**Task goal**
Could you repeat all of the entries exactly, leaving out any pictures?

**Items listed in a dataset**
==============================

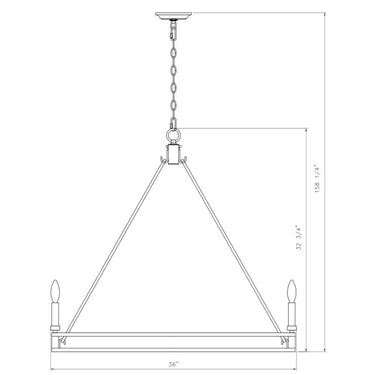 Z-Lite Dennison 36" 8 Light Chandelier 13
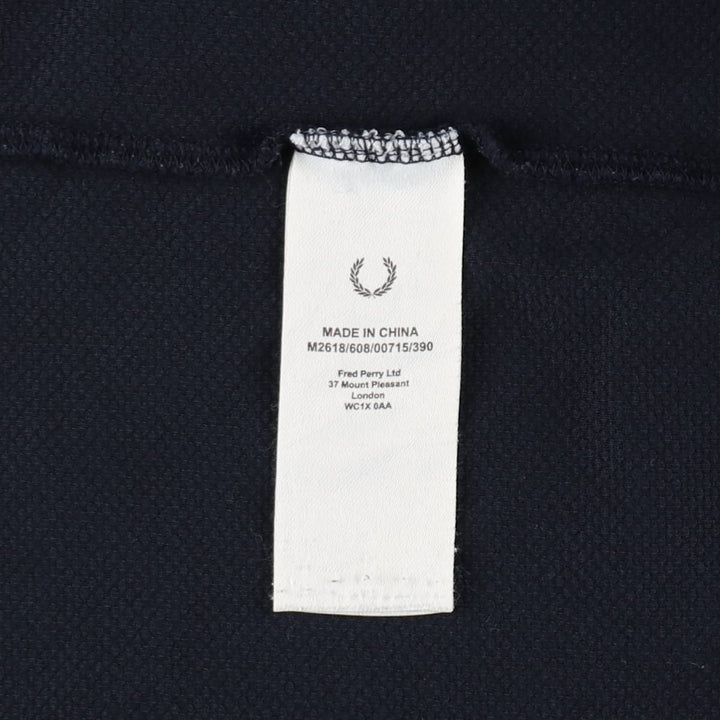 Fred Perry short-sleeved T-shirt with a single logo, men's size XL (approx.) cotton navy blue type Vintage Second Hand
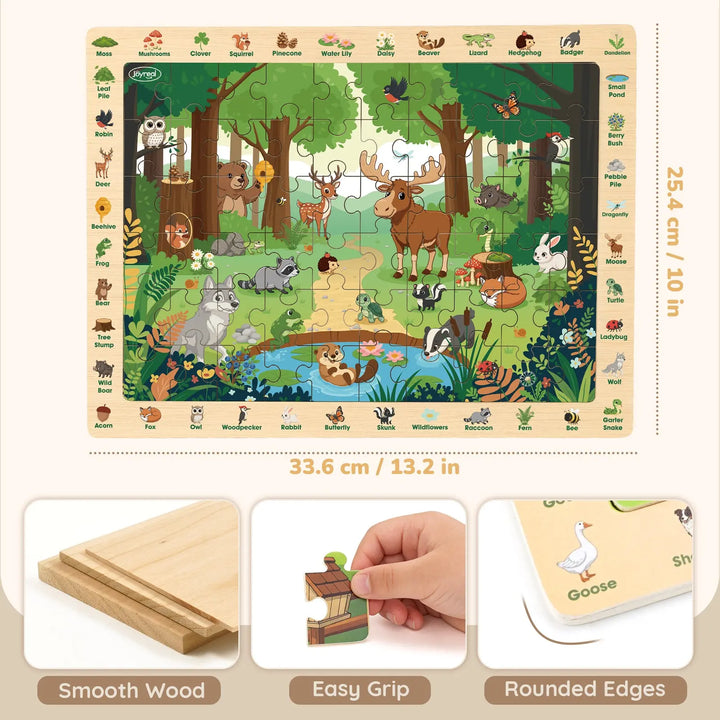 Wooden Animal Puzzles for Kids 3-6 | 4 x 60-Piece Search &amp; Find Puzzles 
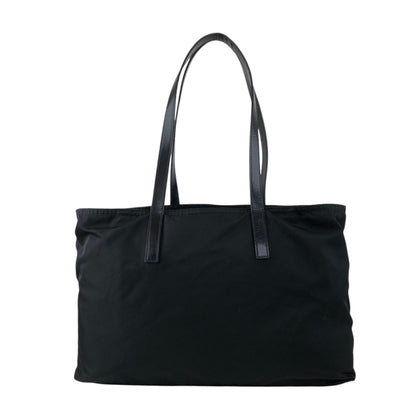 PRADA Tessuto Triangle Logo Totebag Black Vintage weepxg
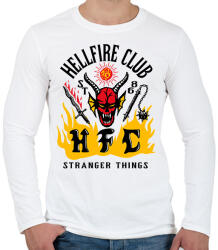 printfashion Hellfire Club - Band design - Férfi hosszú ujjú póló - Fehér (7482383)
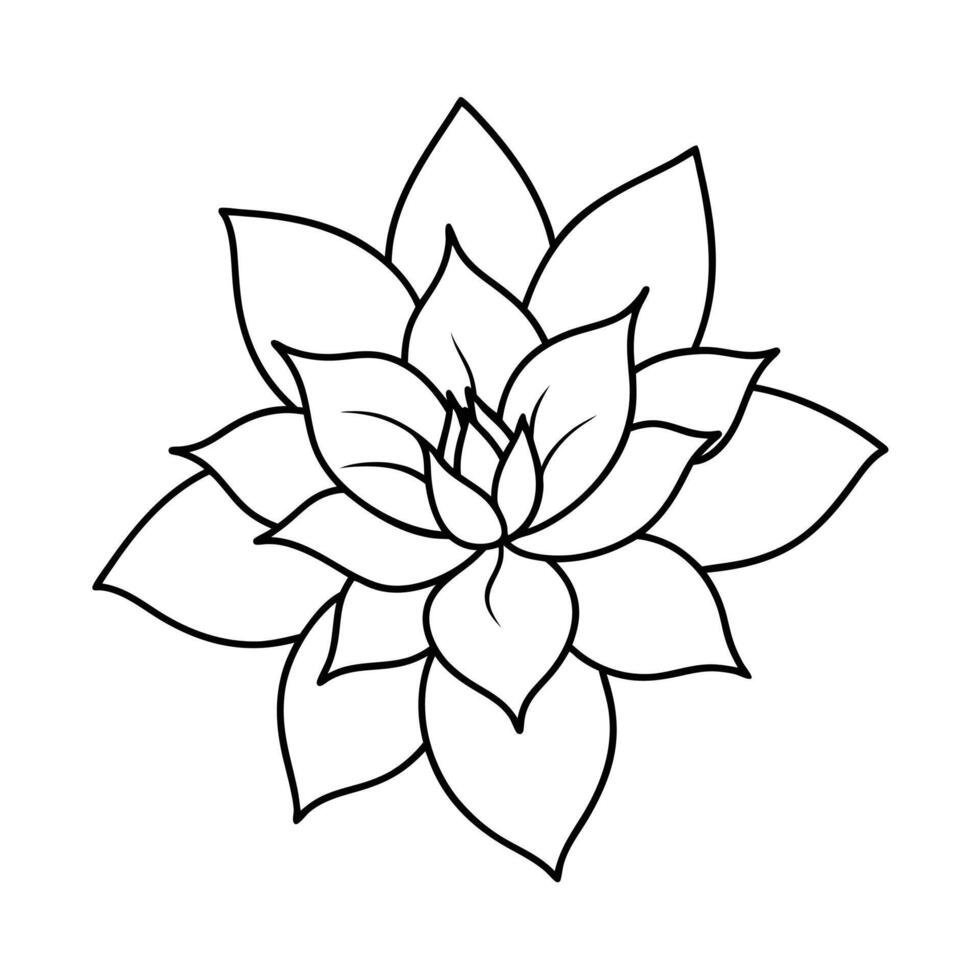 A flower outline drawing on a white background vector
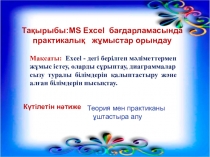 Тақырыбы: MS Excel бағдарламасында практикалық жұмыстар орындау 8 сынып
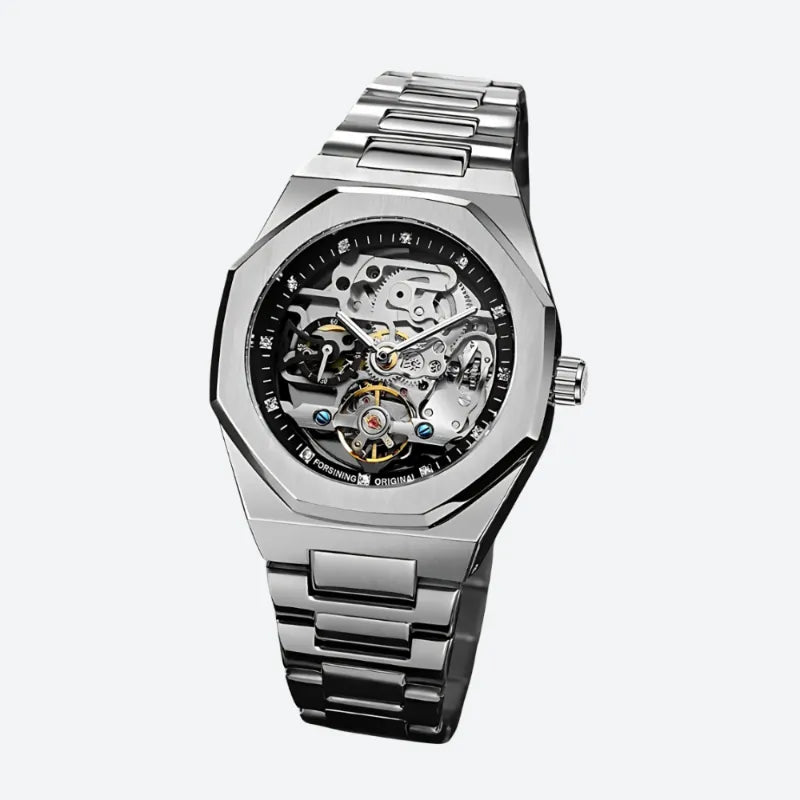 Montre squelette homme acier brossé contemporain, vue de face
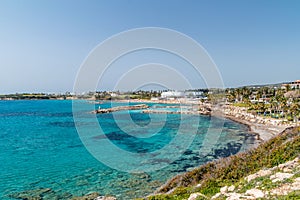 Panoramic view on bay on Mediterranean sea in Cyprus. View with Laourou Beach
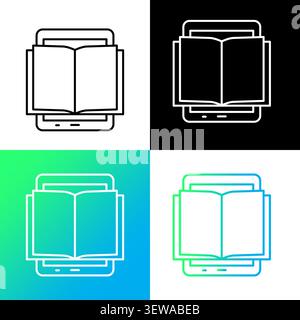 Livre tablette lecteur eBook dispose d'un élément vectoriel linéaire. Améliore la bibliothèque d'éducation numérique et le processus d'apprentissage en ligne. spe 10 Illustration de Vecteur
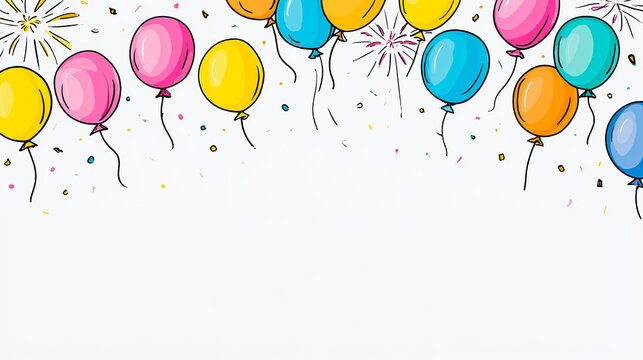 A colorful illustration of a group of balloons with different colors and designs floating in the air with sparkles and confetti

==============================

**Task output**
 Z-Lite Dennison 36" 8 Light Chandelier 13
 Fred Perry short-sleeved T-shirt with a single logo, men's size XL (approx.) cotton navy blue type Vintage Second Hand
 Wooden Animal Puzzles for Kids 3-6 | 4 x 60-Piece Search &amp; Find Puzzles 
 PRADA Tessuto Triangle Logo Totebag Black Vintage weepxg
 printfashion Hellfire Club - Band design - Férfi hosszú ujjú póló - Fehér (7482383)
 A flower outline drawing on a white background vector
 Тақырыбы: MS Excel бағдарламасында практикалық жұмыстар орындау 8 сынып
 Montre squelette homme acier brossé contemporain, vue de face
 Panoramic view on bay on Mediterranean sea in Cyprus. View with Laourou Beach
 Livre tablette lecteur eBook dispose d'un élément vectoriel linéaire. Améliore la bibliothèque d'éducation numérique et le processus d'apprentissage en ligne. spe 10 Illustration de Vecteur
 A colorful illustration of a group of balloons with different colors and designs floating in the air with sparkles and confetti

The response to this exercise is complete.